=== Exercise data ===
* * * * * * *

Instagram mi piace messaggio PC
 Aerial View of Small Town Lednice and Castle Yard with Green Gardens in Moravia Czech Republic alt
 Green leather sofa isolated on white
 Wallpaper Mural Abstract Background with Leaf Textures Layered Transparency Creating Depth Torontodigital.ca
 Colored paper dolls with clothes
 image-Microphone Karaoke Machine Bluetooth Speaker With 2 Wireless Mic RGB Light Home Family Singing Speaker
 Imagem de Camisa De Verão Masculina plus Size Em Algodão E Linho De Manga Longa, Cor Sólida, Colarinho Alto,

* * * * * * *

=== Work to complete ===
Select and copy every line of the listing with the word "Green".

=== Response to this task ===
 Aerial View of Small Town Lednice and Castle Yard with Green Gardens in Moravia Czech Republic alt
 Green leather sofa isolated on white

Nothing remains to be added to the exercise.